The customer is a North American start-up providing automatic security solutions for
businesses and government institutions. The company actively adopts a machine learning approach for real-time
object detection and action recognition tasks in video streams from their customers’ security cameras.
The customer’s company was developing a brand new security solution for outdoor
surveillance. The MERA team was tasked to create a PoC (proof of concept) for action recognition using machine
learning techniques. MERA experts had to deliver the solution at short notice operating with limited resources,
including both design resource for implementation and hardware resources for the selected platform.
Action recognition is known to be an unsolved problem until now with limited accuracy of
state-of-the-art solutions. One reason for this is lack of good datasets for such tasks. Thus, our specialists had
to deal with less than 30 min of videos available for labeling. The other problem is that the system should
recognize actions from different angles of the camera. The MERA team had to cope with both issues.

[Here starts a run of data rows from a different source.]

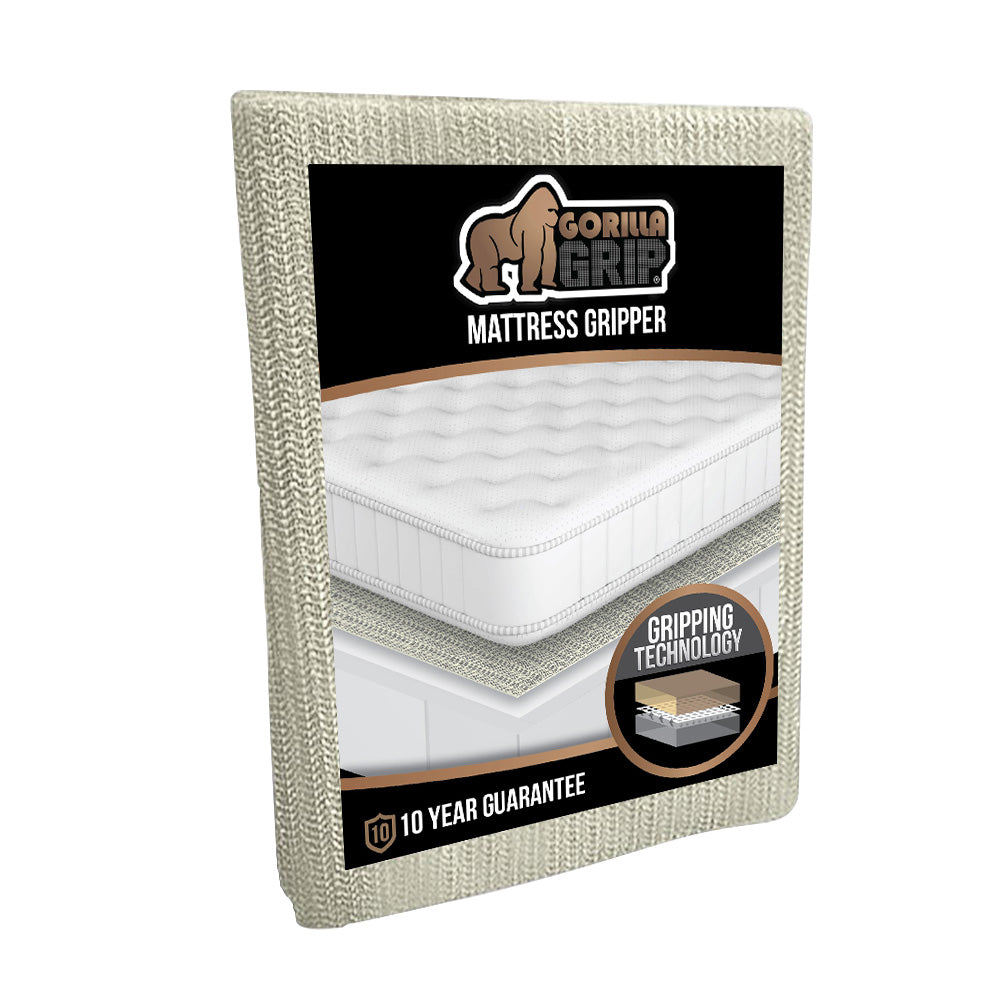 extra strong non-slip mattress grip pad - keeps all mattress types secure  and safe - ideal for platform bed frame or futon mattress - easy, simple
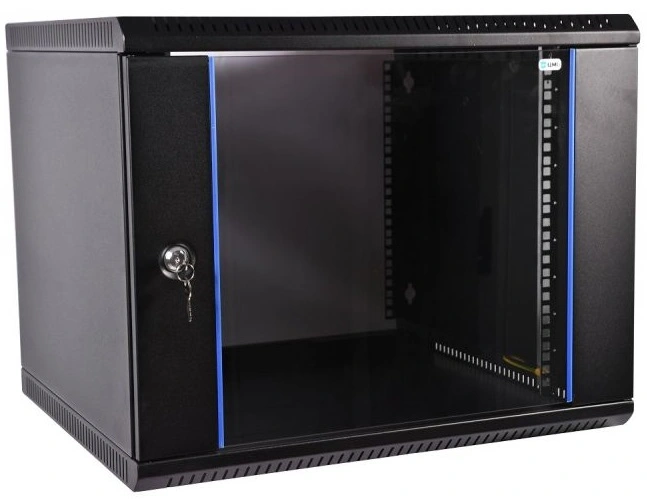 ЦМО Шкаф телекоммуникационный настенный разборный 12U (600х520) дверь стекло,цвет черный (ШРН-Э-12.500-9005) (1 коробка)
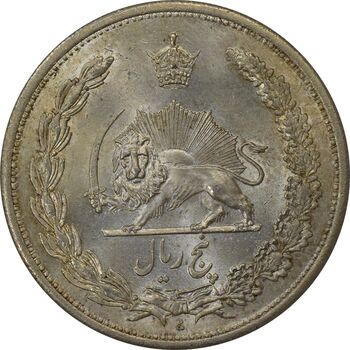 سکه 5 ریال 1313 (3 تاریخ کوچک) - MS65 - رضا شاه
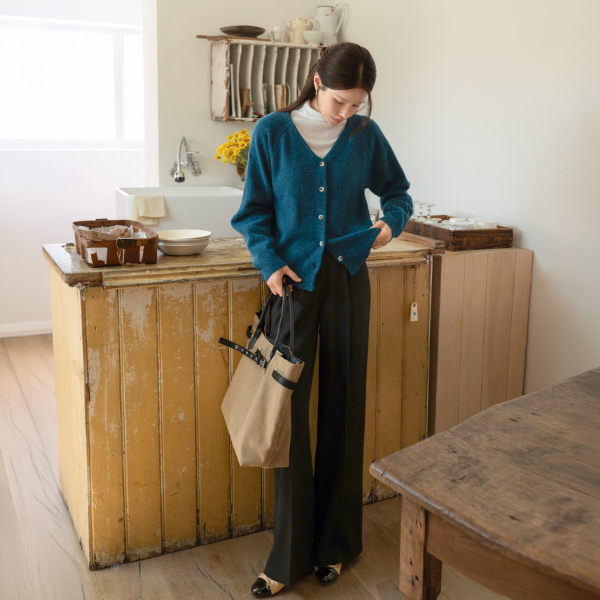 Cozy V-neck Wool Cardigan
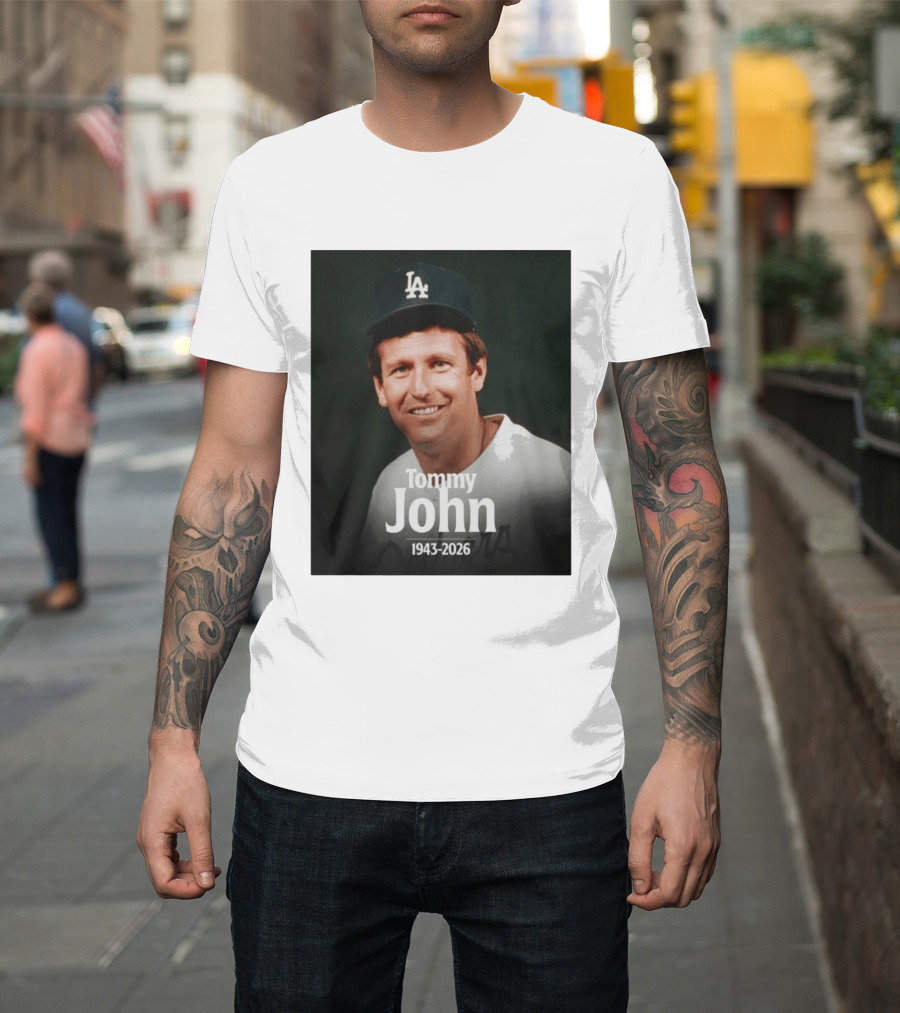 Tommy John 1943 2026 Los Angeles Baseball Memoriam T-Shirt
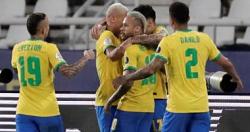 منتخب البرازيل يتدرب على ركلات الترجيح قبل نهائي كوبا امريكا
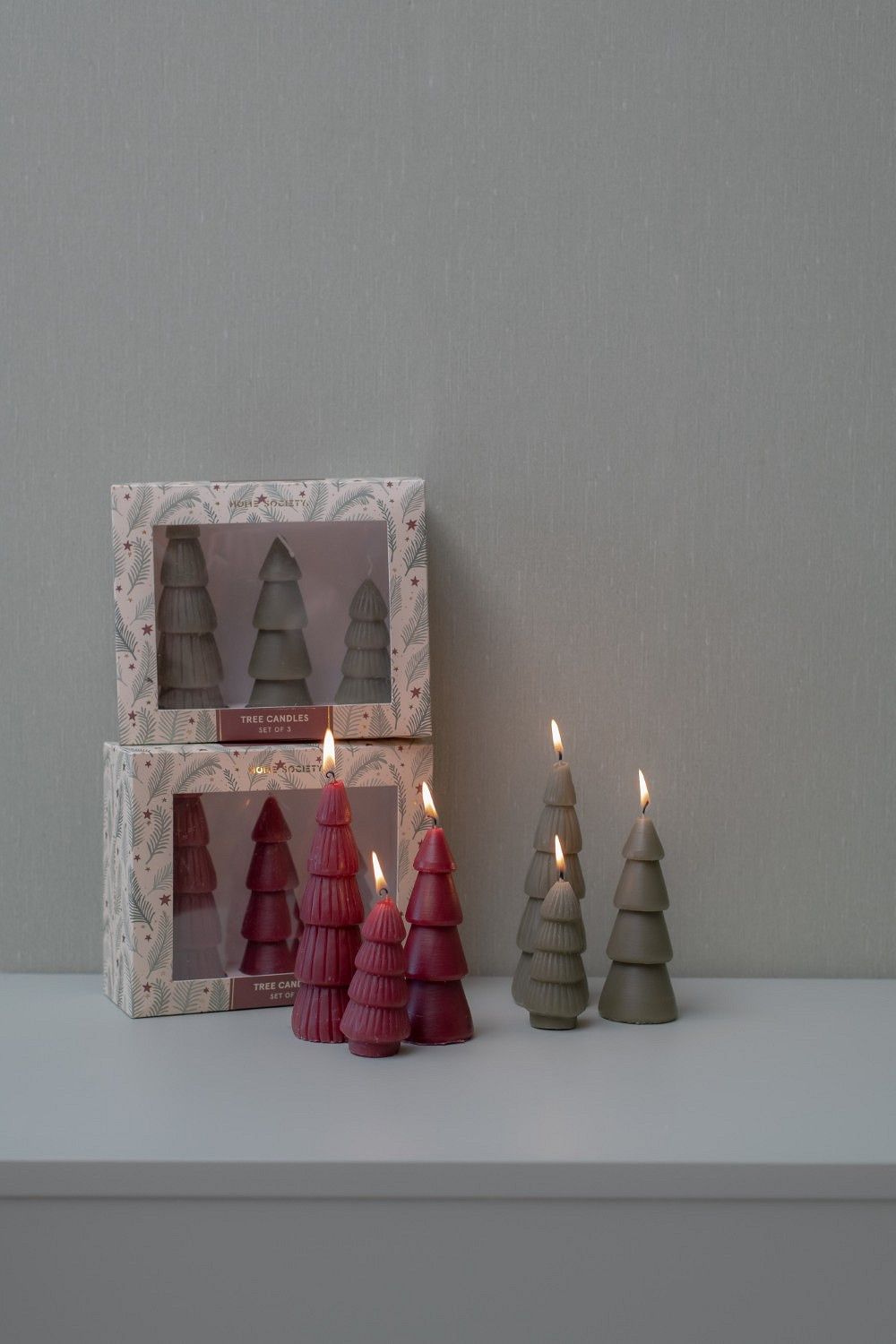 Kerstboom kaars - Furu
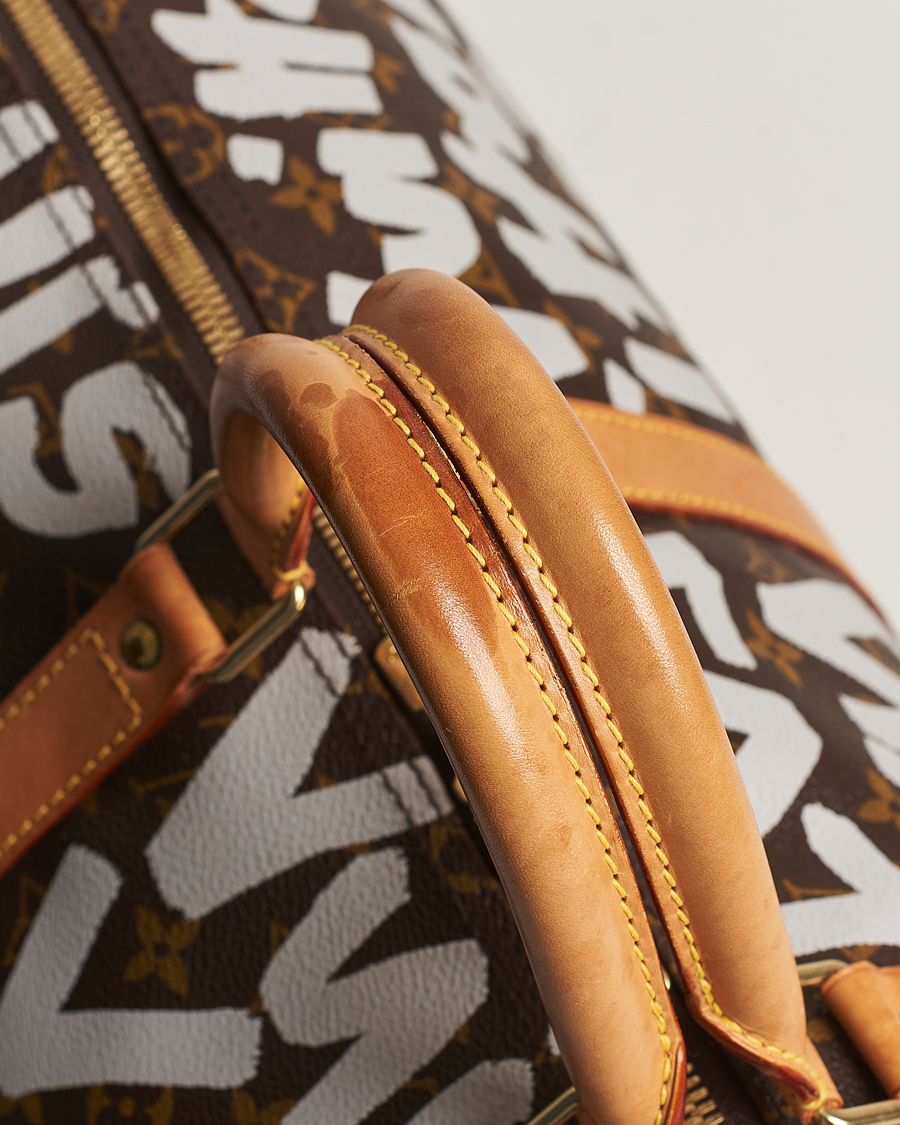Herre | Louis Vuitton Pre-Owned Keepall 50 Bag Graffiti | Louis Vuitton Pre-Owned | Keepall 50 Bag Graffiti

Bearing in mind limited hardware capabilities and lack of dataset provided by the customer,
MERA engineers conducted a brief study to determine potential solutions which can show appropriate results with a
limited dataset. Several neural network architectures were selected as possible candidates for PoC, including:
activity detection based on the single frame using CNN, activity detection using multiple frames. The last option
showed more promising results during experiments. Therefore, the MERA team had checked a few other options: 3DCNN
Eventually, the most encouraging results were demonstrated by an approach combining transfer
learning (using pre-trained Inception v3 model), and LSTM. This model was selected as the final solution for PoC.
MERA provided the customers with the reliable Proof of Concept they needed for further
solution development. Our experts successfully accomplished the task in as little as 3 months, despite resource
constraints and lack of dataset. The models were integrated into the web server allowing the customers to perform
live-action demonstrations for their clients.